Sent from my SM-J120ZN using Tapatalk


----------



## ac8587 (Jan 19, 2014)

I got a pretty good deal at mine. 30-35%


Sent from my iPhone using Tapatalk


----------



## mmarkabi (Aug 27, 2017)

I got 20% off my Aquis when i purchased from an AD.


----------



## crazyotterhound (Nov 10, 2008)

I can get 20% from an online AD in the UK and 19% in France. Never tried asking in a bricks and mortar store yet.


----------



## G-SPAIN (Dec 2, 2017)

Pete26 said:


> I was very lucky to get this last week for 50% off from an AD in Brisbane. They also seemed very excited about Oris in general, the Carl Brashear bronze chrono LE had arrived at their store that day and had to show it to me.


Where? Send me through PM if you do not want to write here the place.


----------



## Chris Hohne (May 1, 2005)

Please respond via PM or email

Chris


----------



## ctf0015 (Feb 10, 2017)

The AD in St. Louis, MO offers a 25% discount on all Oris'.


----------



## jermyzy (Aug 19, 2007)

I always thought 25% was a generally accepted discount for most mainstream brands (all the watches I've bought from ADs have always been for 25%+ discount, I've gotten as much as 35% on my Zenith Chronomaster). I managed to get my Oris (granted it was 12 years ago) for a 40% discount on Boxing Day Sale. If a dealer won't even give me 25% discount, I'd walk and find another dealer.


----------



## jalcon (Sep 8, 2014)

I got my 2017 edition Blue Oris Aquis last fall (black friday sale)for $1350 from an AD (33% off)....with the special trihead screwdriver tool included. I must have got an amazing deal, because after looking just now seems these blue aquis aren't less than $1500 from even gray market dealers.


----------



## Alwaysontime12 (Oct 31, 2017)

jalcon said:


> I got my 2017 edition Blue Oris Aquis last fall (black friday sale)for $1350 from an AD (33% off)....with the special trihead screwdriver tool included. I must have got an amazing deal, because after looking just now seems these blue aquis aren't less than $1500 from even gray market dealers.

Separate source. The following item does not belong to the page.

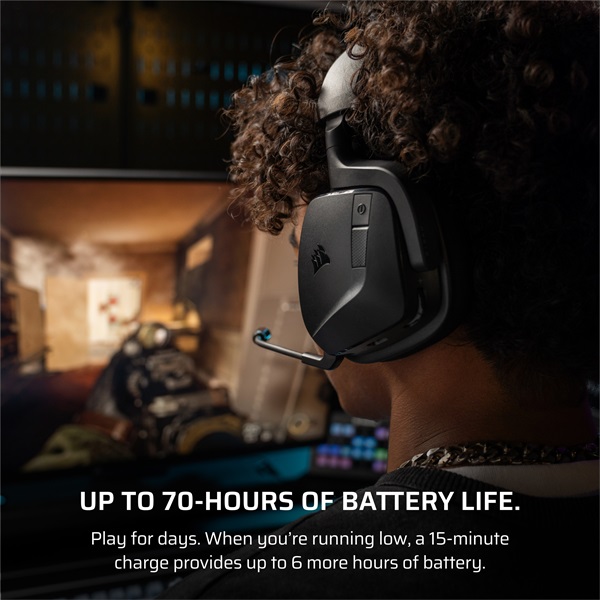CORSAIR Vezeték Nélküli Headset, VOID v2 Wireless Gaming Headset, Dolby Atmos, carbon - Image 4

That's the watch I want and and for a 350 dollar difference from used, I might as well just buy a new one. Just have to find an AD that will get me around 35%. Nice find sir. How could one walk away.


----------



## DrDarrow (Oct 7, 2017)

Just purchased my first Oris today, and was only able to leverage an 8% discount. It was the Carl Brashear Chronograph. Now reading this thread I feel like I may have way overpaid, but not really sure how the 'limited edition' aspect affects discounting. Anyone have any thoughts?

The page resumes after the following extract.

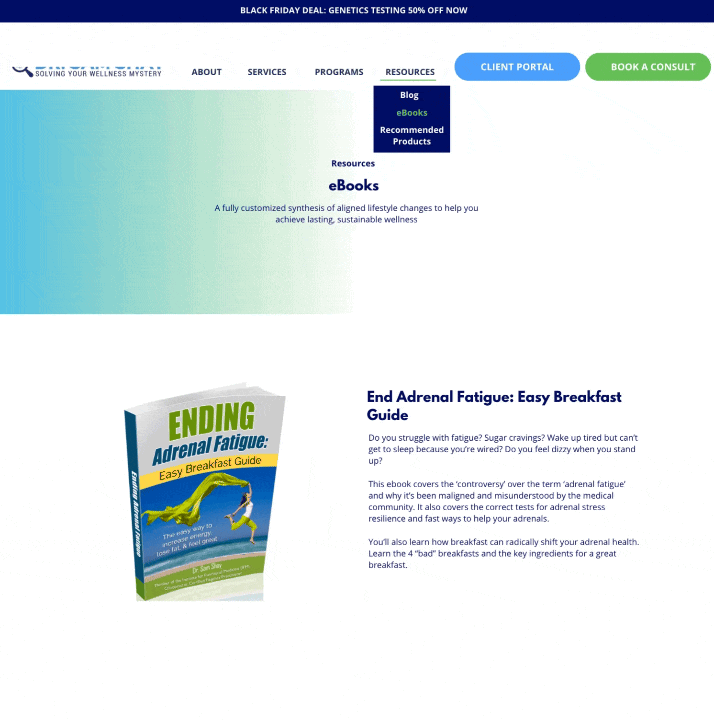 Lead-magnet funnel and rebuilt site page feeding directly into the CRM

Either way I think I'm really going to enjoy this piece, and am guessing I'm not likely to ever sell it, but still just wondering if I got gouged.

Thanks.


----------



## kre8ivair (Apr 12, 2018)

Walked into the AD and asked to look at the 65, within 2 minutes I asked the price. $1600, less than 30seconds was told that I could have it for $1400.. I wonder if I actually talked a bit more or showed some cash; how low I could go??


----------



## clerkpalmer (Dec 12, 2012)

Any recommendations for oris AD please pm me. Thanks.


----------



## lightingball2 (Jan 12, 2014)

ill give anyone 15% off.......


----------



## clerkpalmer (Dec 12, 2012)

lightingball2 said:


> ill give anyone 15% off.......


Not sure if this was in jest but seems a little light for an oris doesn't it?


----------



## Gray_Panther (Dec 2, 2017)

I went into my AD yesterday to check out the big crown pointer date and the aquis and was attended to by the owner's son.
He flat out stated if you see a piece you like for a price you like from online, we can work with you to meet that price.
I like supporting my local businesses, and I will definitely want to buy both pieces from them when I am ready to do so.


----------



## clerkpalmer (Dec 12, 2012)

Gray_Panther said:


> I went into my AD yesterday to check out the big crown pointer date and the aquis and was attended to by the owner's son.
> He flat out stated if you see a piece you like for a price you like from online, we can work with you to meet that price.
> I like supporting my local businesses, and I will definitely want to buy both pieces from them when I am ready to do so.


Agree. Me too.


----------



## windir (Nov 11, 2018)

what the heck, over here where i live you wont even get 1% discount


----------